*DATA TO PROCESS*
* * * * * * *

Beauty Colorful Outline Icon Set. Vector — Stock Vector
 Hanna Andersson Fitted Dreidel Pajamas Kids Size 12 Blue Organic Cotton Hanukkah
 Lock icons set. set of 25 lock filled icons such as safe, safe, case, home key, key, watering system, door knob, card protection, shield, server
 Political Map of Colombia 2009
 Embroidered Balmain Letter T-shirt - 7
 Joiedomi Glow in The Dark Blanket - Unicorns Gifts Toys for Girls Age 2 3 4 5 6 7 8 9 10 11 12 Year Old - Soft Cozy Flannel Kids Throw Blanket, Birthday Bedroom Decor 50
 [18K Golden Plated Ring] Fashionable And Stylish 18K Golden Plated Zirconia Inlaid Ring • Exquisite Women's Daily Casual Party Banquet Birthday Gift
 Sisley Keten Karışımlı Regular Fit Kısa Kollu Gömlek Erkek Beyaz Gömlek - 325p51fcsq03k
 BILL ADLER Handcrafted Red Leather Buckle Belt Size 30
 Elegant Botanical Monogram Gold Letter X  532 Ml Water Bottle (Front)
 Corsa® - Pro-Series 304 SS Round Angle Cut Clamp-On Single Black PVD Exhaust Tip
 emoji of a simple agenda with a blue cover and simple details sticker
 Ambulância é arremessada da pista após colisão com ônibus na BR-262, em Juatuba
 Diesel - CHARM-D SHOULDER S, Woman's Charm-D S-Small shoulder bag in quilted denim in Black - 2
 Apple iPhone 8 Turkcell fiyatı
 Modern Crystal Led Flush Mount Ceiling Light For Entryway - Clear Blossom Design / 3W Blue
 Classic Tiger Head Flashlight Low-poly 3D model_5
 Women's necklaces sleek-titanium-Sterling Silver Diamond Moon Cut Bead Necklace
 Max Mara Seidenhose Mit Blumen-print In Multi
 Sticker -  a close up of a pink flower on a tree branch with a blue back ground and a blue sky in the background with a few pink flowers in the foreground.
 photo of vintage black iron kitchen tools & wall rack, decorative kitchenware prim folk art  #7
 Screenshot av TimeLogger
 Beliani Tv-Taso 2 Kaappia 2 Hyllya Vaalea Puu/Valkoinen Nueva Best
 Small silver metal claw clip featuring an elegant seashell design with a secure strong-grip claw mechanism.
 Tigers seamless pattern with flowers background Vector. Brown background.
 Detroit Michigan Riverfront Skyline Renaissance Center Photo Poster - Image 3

* * * * * * *

*TASK DESCRIPTION*
Take the line that holds "Diesel - CHARM-D" as the first and the last line of the material as the final one. Print that span exactly, both ends included.

*WRITTEN ANSWER*
 Diesel - CHARM-D SHOULDER S, Woman's Charm-D S-Small shoulder bag in quilted denim in Black - 2
 Apple iPhone 8 Turkcell fiyatı
 Modern Crystal Led Flush Mount Ceiling Light For Entryway - Clear Blossom Design / 3W Blue
 Classic Tiger Head Flashlight Low-poly 3D model_5
 Women's necklaces sleek-titanium-Sterling Silver Diamond Moon Cut Bead Necklace
 Max Mara Seidenhose Mit Blumen-print In Multi
 Sticker -  a close up of a pink flower on a tree branch with a blue back ground and a blue sky in the background with a few pink flowers in the foreground.
 photo of vintage black iron kitchen tools & wall rack, decorative kitchenware prim folk art  #7
 Screenshot av TimeLogger
 Beliani Tv-Taso 2 Kaappia 2 Hyllya Vaalea Puu/Valkoinen Nueva Best
 Small silver metal claw clip featuring an elegant seashell design with a secure strong-grip claw mechanism.
 Tigers seamless pattern with flowers background Vector. Brown background.
 Detroit Michigan Riverfront Skyline Renaissance Center Photo Poster - Image 3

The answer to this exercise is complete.